▸ Your task:
A faithful copy of the data below is required, leaving out every picture.
Records for the exercise Start Marker
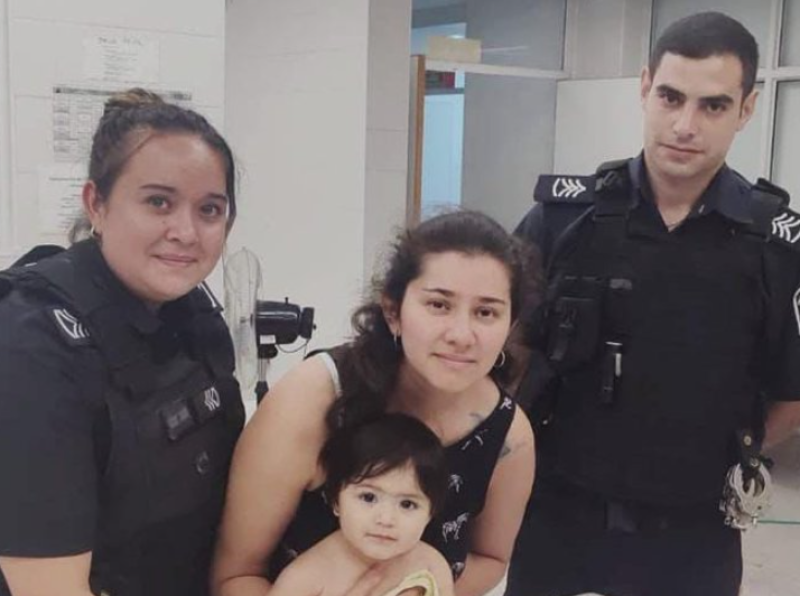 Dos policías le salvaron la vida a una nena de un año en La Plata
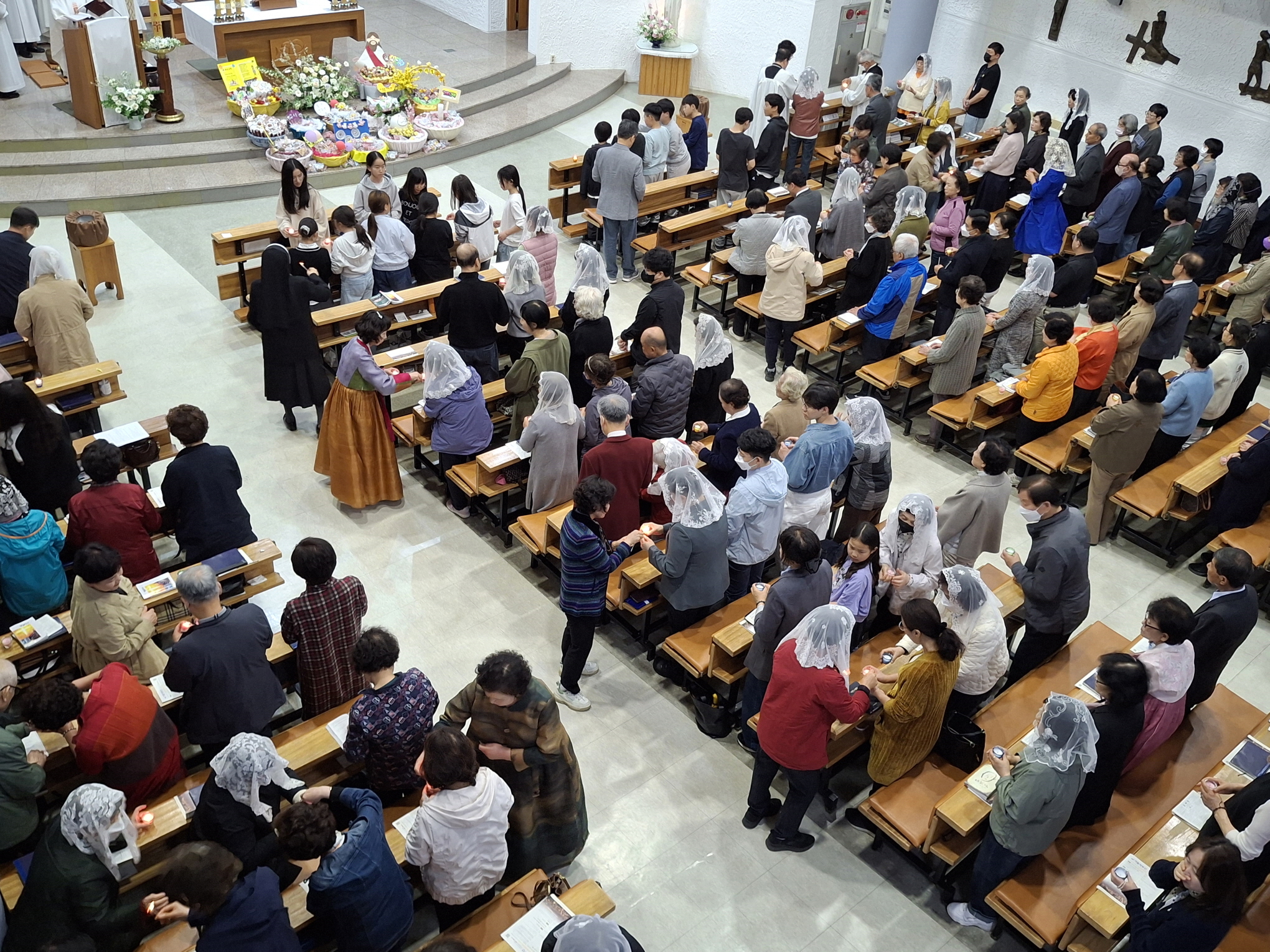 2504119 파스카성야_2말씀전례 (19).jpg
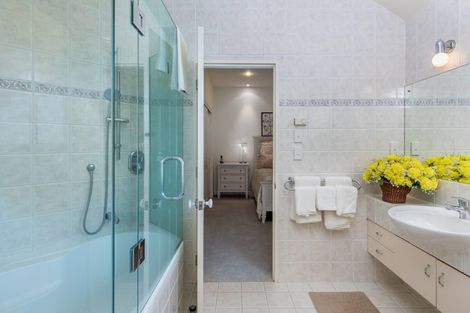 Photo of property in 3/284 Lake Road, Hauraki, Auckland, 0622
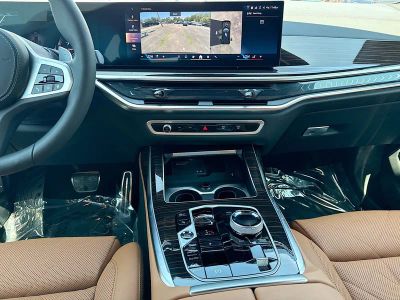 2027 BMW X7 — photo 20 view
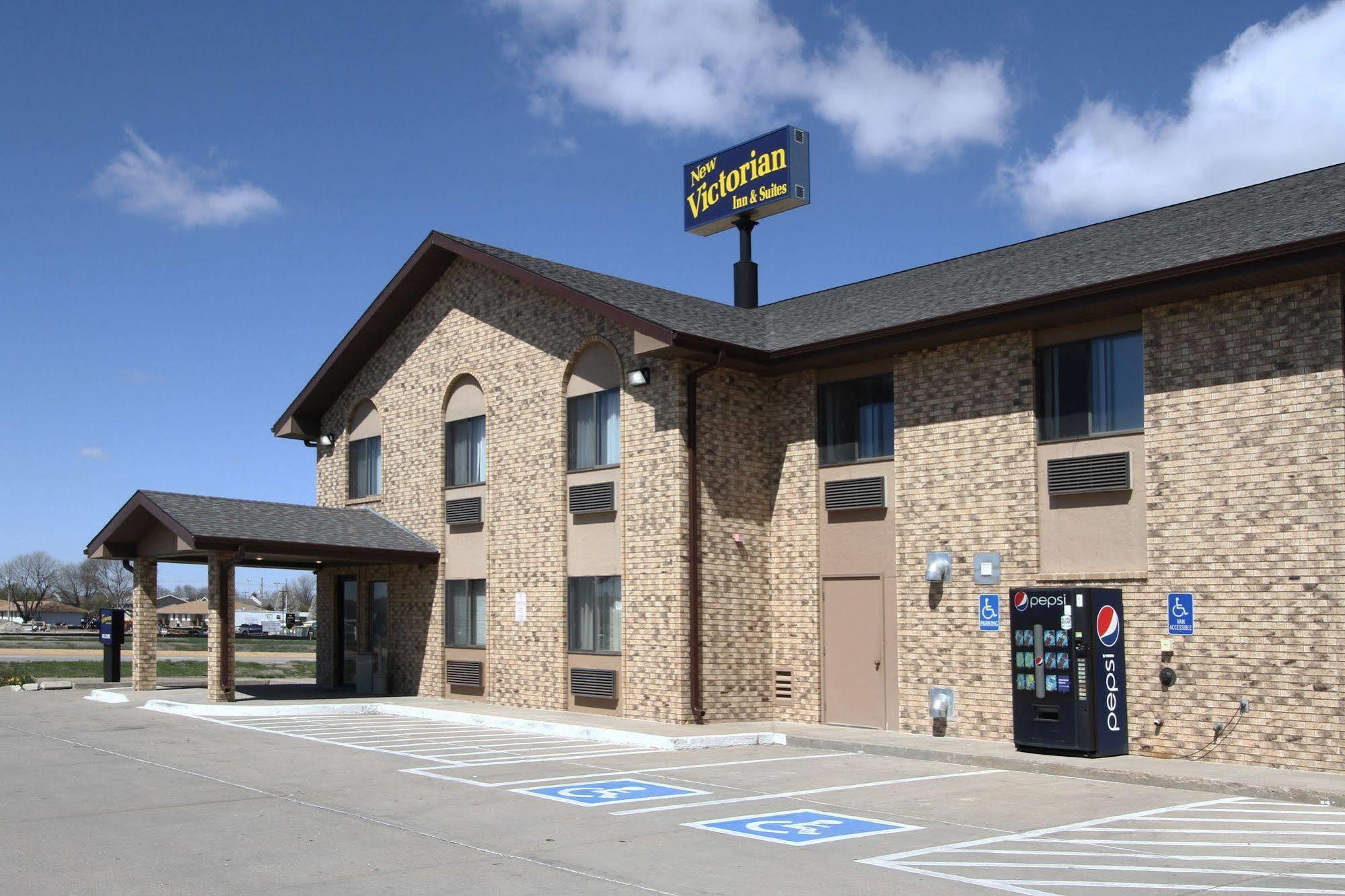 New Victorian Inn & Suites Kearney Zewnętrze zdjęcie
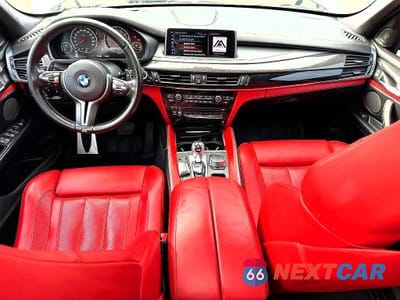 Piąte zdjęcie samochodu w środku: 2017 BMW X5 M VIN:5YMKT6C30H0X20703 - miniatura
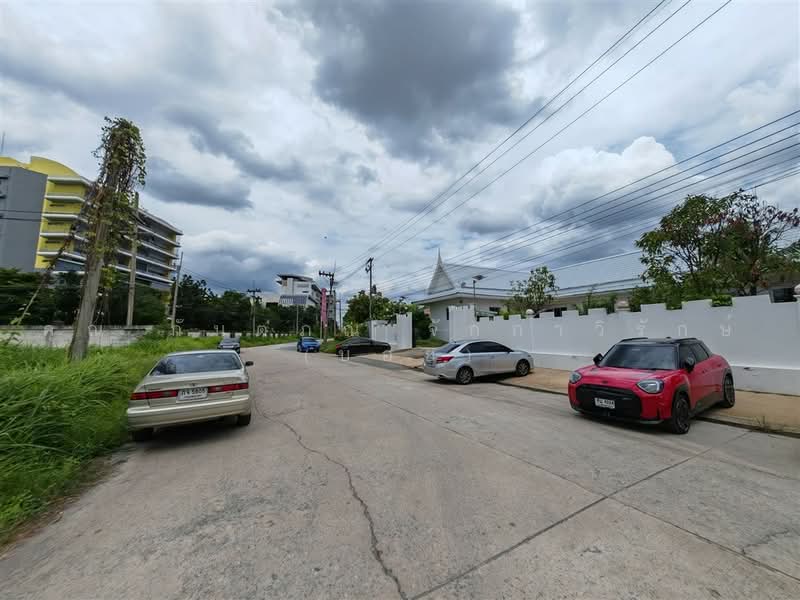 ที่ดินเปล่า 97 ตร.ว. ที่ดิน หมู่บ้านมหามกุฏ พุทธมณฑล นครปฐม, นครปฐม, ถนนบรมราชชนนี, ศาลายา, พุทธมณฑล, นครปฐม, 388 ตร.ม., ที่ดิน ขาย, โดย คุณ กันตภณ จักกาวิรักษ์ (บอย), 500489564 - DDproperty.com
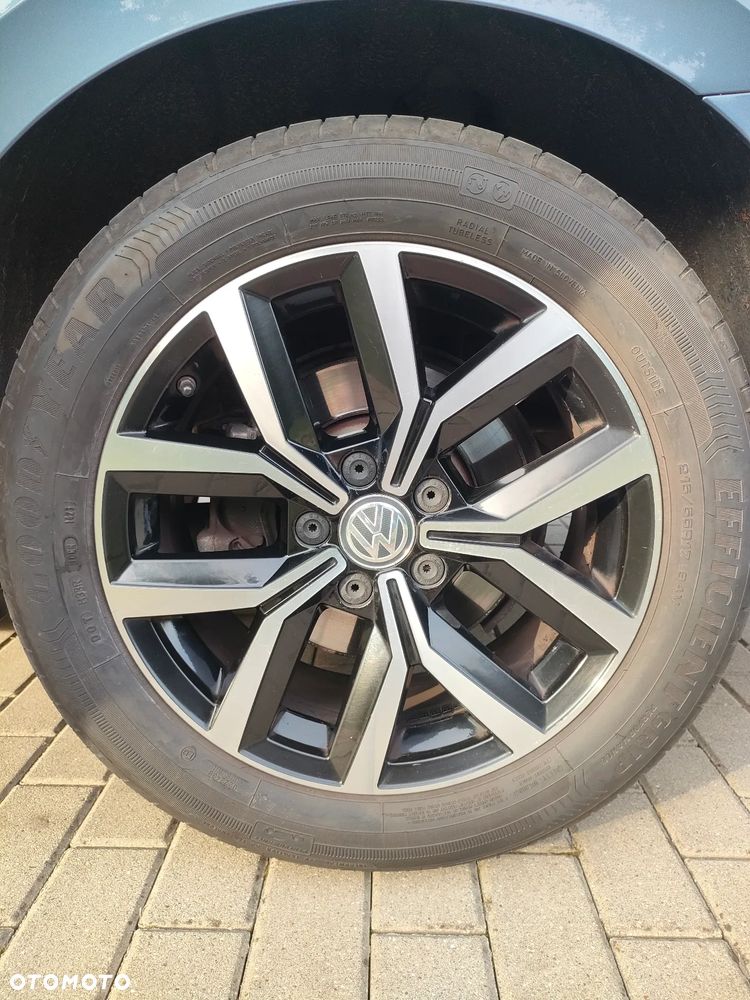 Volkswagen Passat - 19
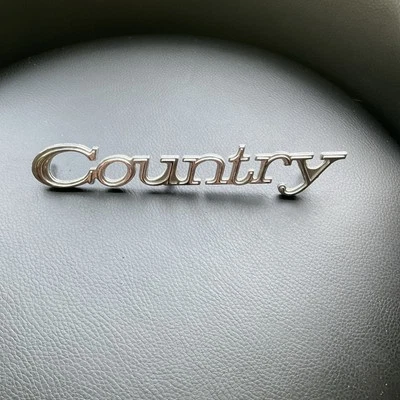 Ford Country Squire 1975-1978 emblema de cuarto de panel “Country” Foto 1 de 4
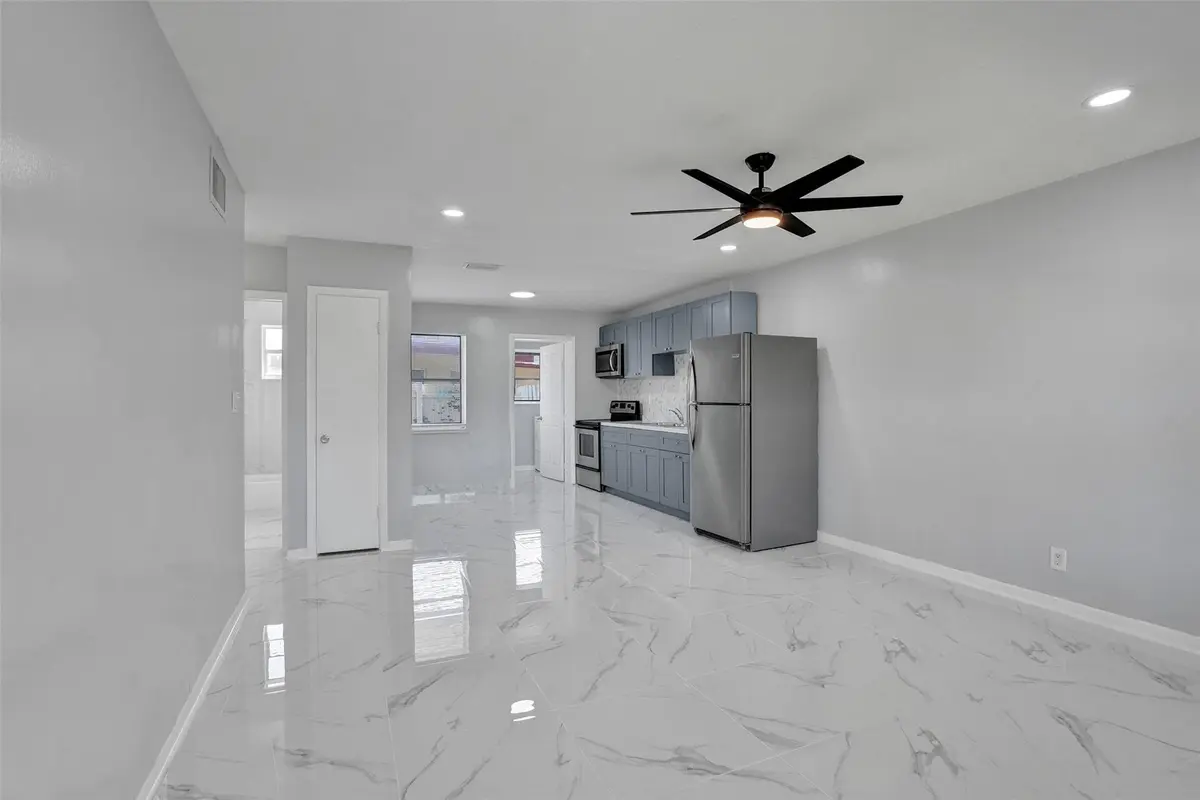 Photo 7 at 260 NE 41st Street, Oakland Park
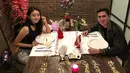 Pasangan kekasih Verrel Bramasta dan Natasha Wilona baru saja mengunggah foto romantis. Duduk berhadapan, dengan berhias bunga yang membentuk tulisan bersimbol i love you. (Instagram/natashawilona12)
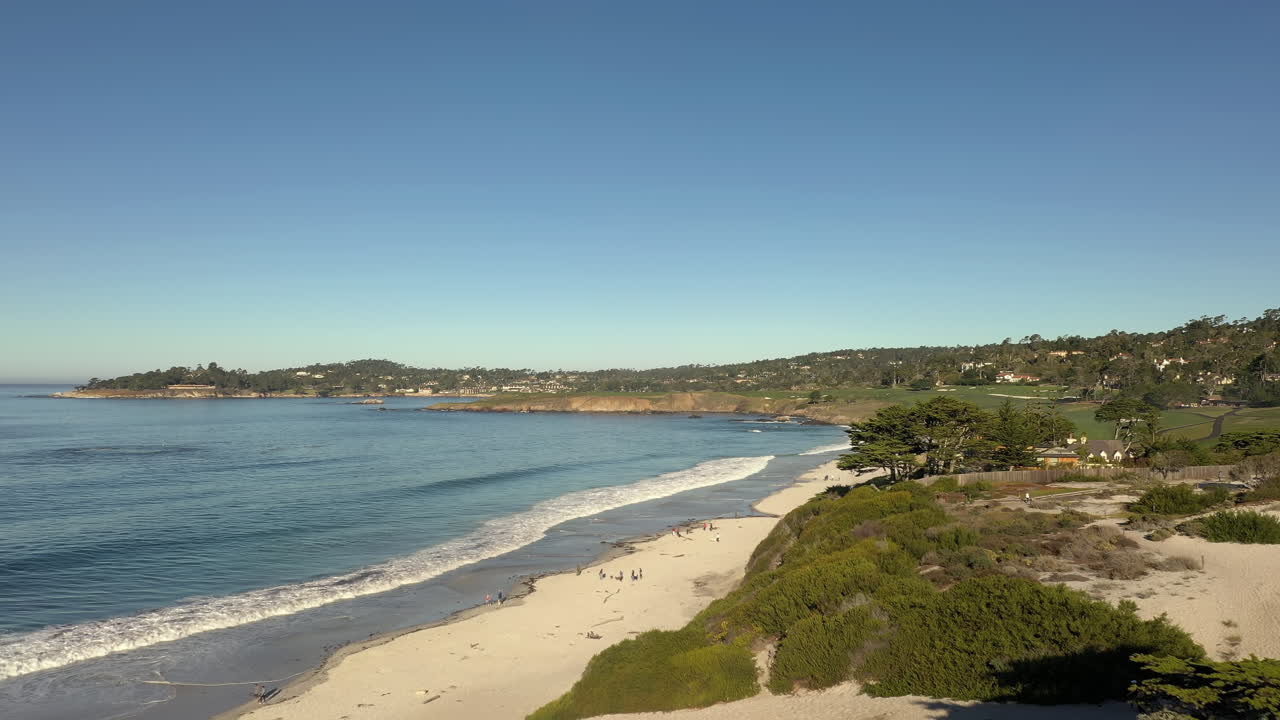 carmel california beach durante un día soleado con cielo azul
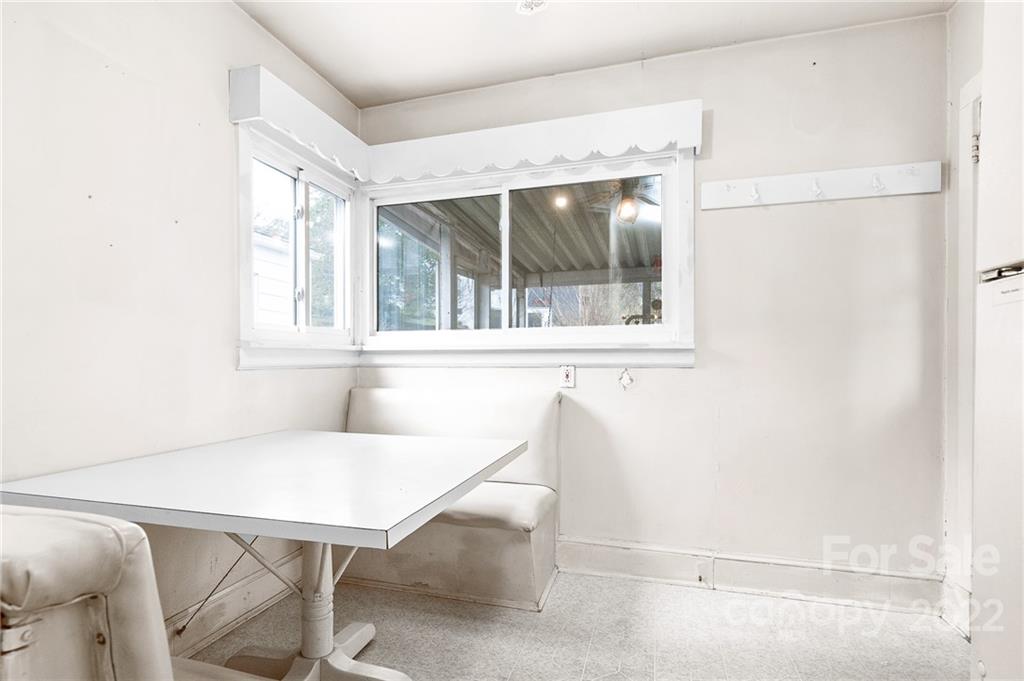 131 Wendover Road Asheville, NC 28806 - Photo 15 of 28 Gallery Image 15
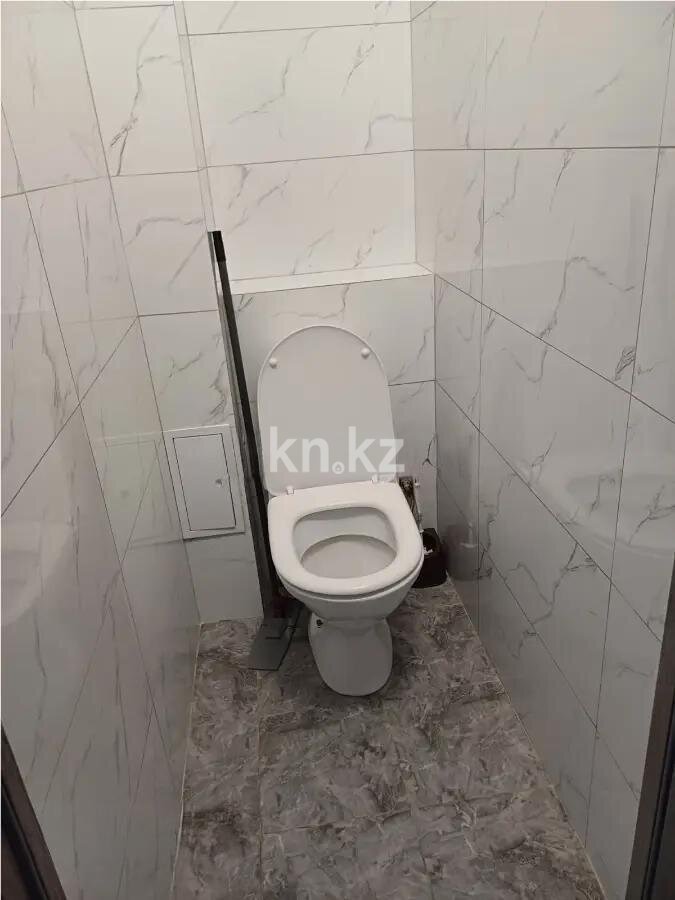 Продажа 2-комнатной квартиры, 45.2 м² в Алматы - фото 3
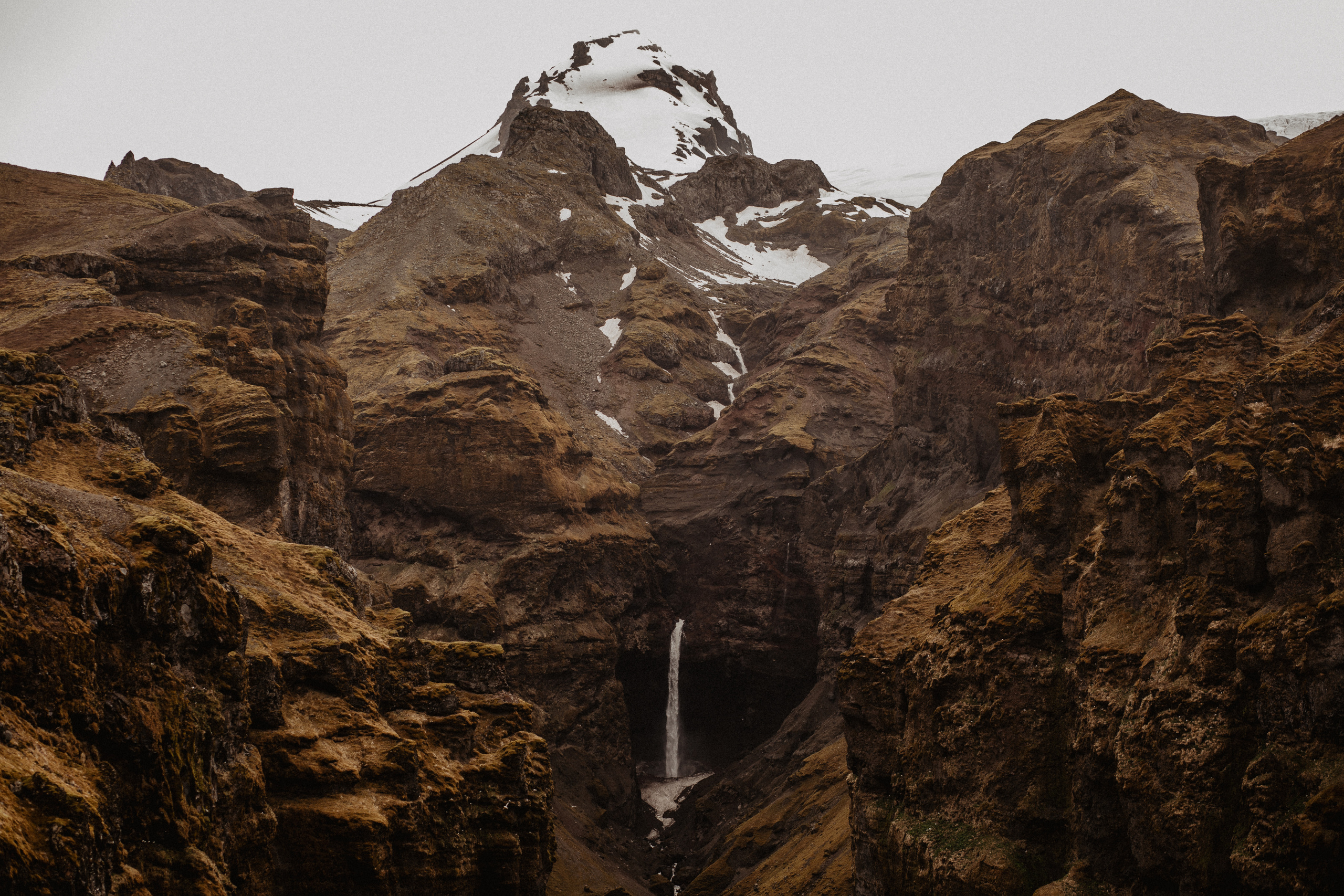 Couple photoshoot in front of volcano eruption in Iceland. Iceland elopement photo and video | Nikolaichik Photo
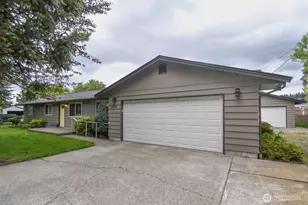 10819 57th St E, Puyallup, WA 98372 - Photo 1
Records for the exercise End Marker
▸ Output for this exercise:
 Dos policías le salvaron la vida a una nena de un año en La Plata
 2504119 파스카성야_2말씀전례 (19).jpg
 Photo of property in 3/284 Lake Road, Hauraki, Auckland, 0622
 2027 BMW X7 — photo 20 view
 New Victorian Inn & Suites Kearney Zewnętrze zdjęcie
 Piąte zdjęcie samochodu w środku: 2017 BMW X5 M VIN:5YMKT6C30H0X20703 - miniatura
 ที่ดินเปล่า 97 ตร.ว. ที่ดิน หมู่บ้านมหามกุฏ พุทธมณฑล นครปฐม, นครปฐม, ถนนบรมราชชนนี, ศาลายา, พุทธมณฑล, นครปฐม, 388 ตร.ม., ที่ดิน ขาย, โดย คุณ กันตภณ จักกาวิรักษ์ (บอย), 500489564 - DDproperty.com
 Volkswagen Passat - 19
 Ford Country Squire 1975-1978 emblema de cuarto de panel “Country” Foto 1 de 4
 Photo 7 at 260 NE 41st Street, Oakland Park
 Pasangan kekasih Verrel Bramasta dan Natasha Wilona baru saja mengunggah foto romantis. Duduk berhadapan, dengan berhias bunga yang membentuk tulisan bersimbol i love you. (Instagram/natashawilona12)
 carmel california beach durante un día soleado con cielo azul
 131 Wendover Road Asheville, NC 28806 - Photo 15 of 28 Gallery Image 15
 Продажа 2-комнатной квартиры, 45.2 м² в Алматы - фото 3
 Couple photoshoot in front of volcano eruption in Iceland. Iceland elopement photo and video | Nikolaichik Photo
 10819 57th St E, Puyallup, WA 98372 - Photo 1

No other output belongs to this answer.